» EXERCISE
Repeat, word for word and with nothing added, each line from the one containing "B�tisse industrielle � vendre" to the final line of the data, keeping both ends. Pictures are not part of the copy.

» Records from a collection
▼
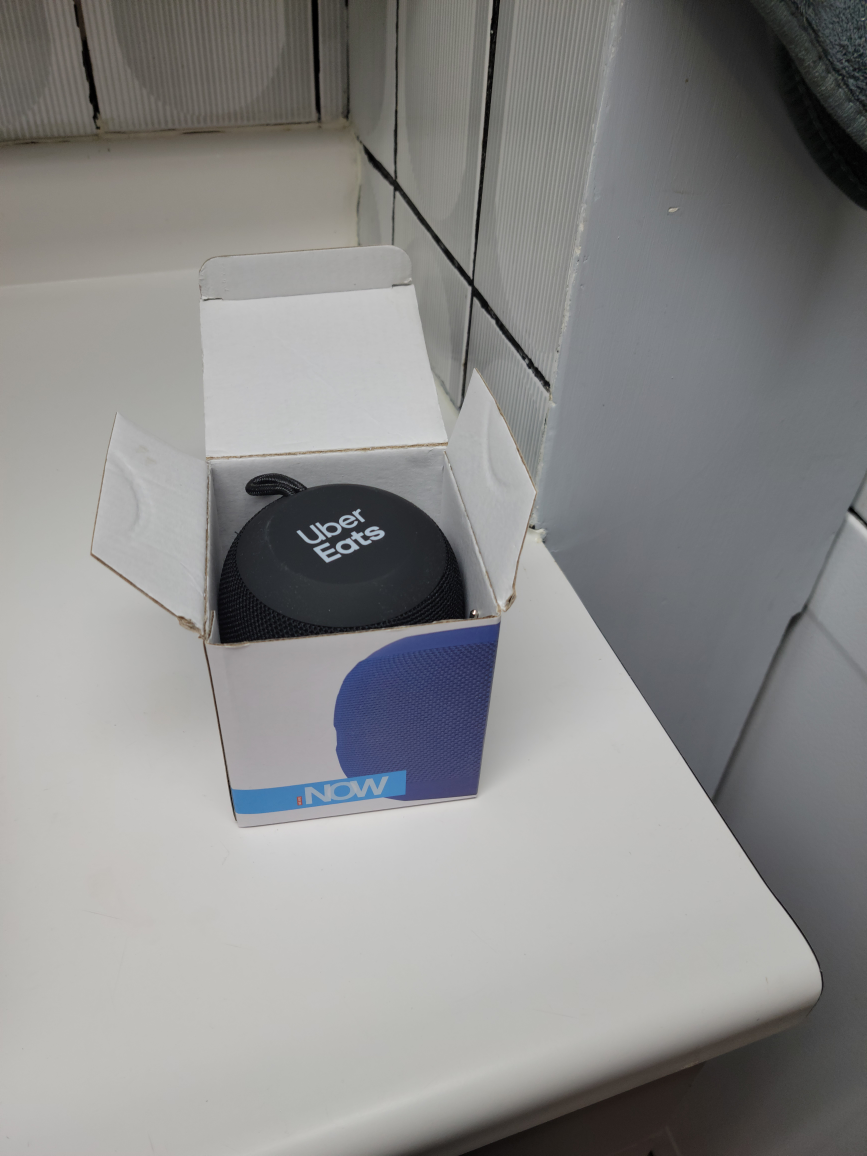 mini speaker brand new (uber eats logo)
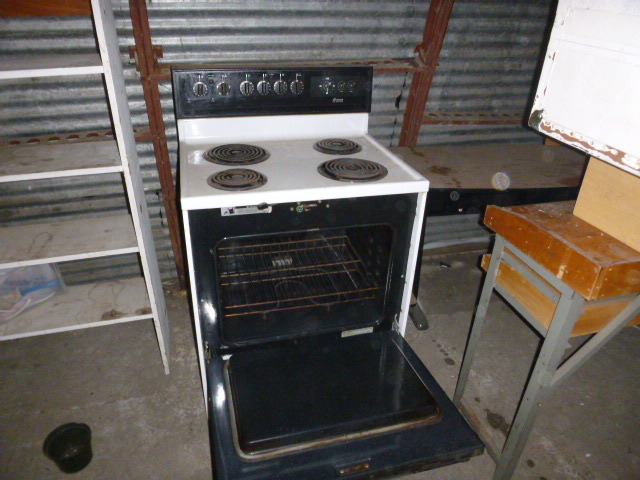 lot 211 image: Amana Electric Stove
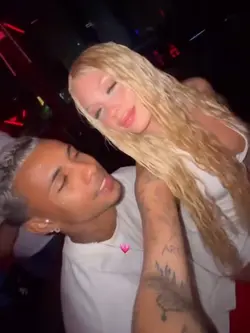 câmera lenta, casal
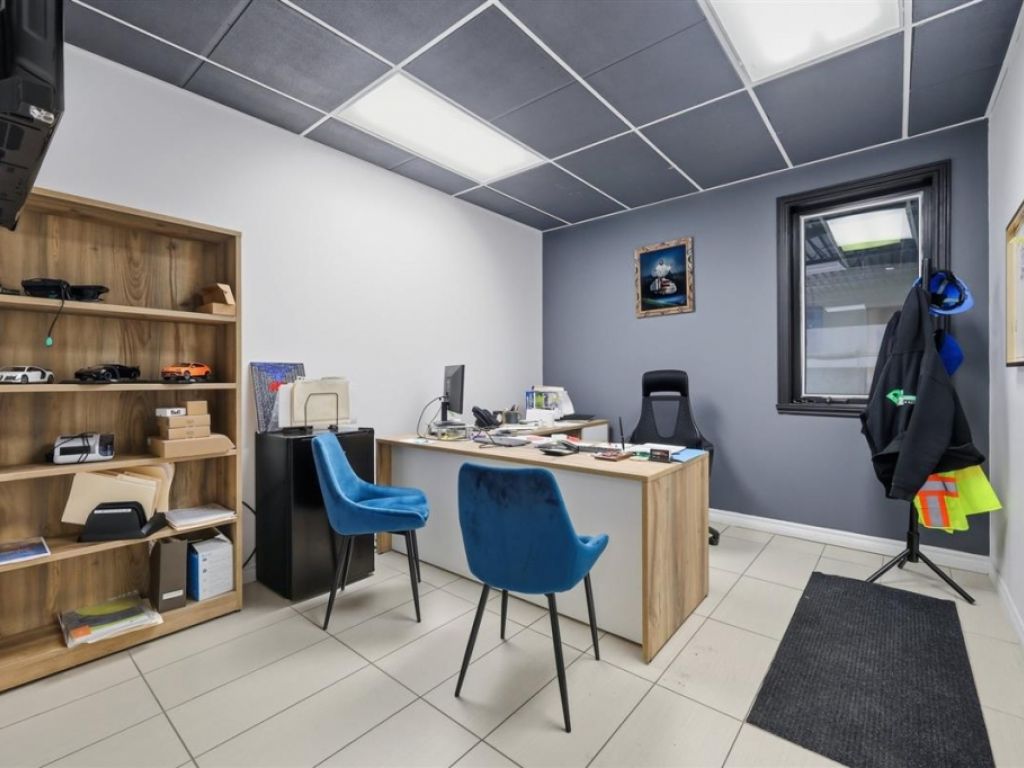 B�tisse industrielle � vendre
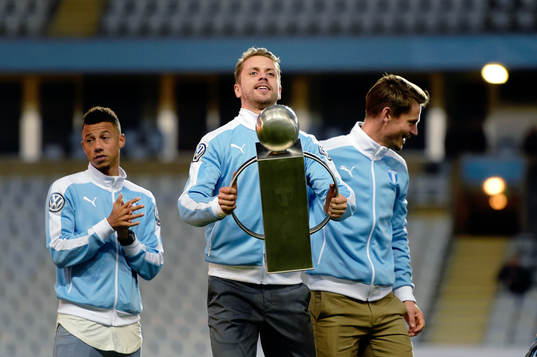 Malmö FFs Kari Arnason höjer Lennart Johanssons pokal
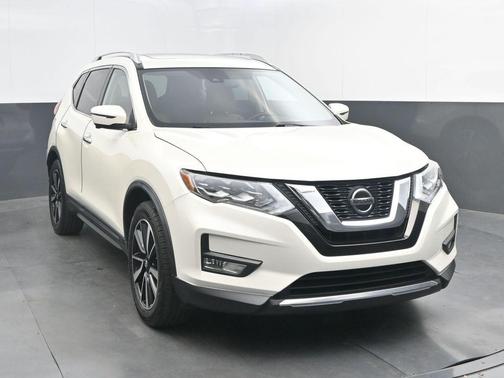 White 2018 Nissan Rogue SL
▲
» OUTPUT FOR THIS TASK
 B�tisse industrielle � vendre
 Malmö FFs Kari Arnason höjer Lennart Johanssons pokal
 White 2018 Nissan Rogue SL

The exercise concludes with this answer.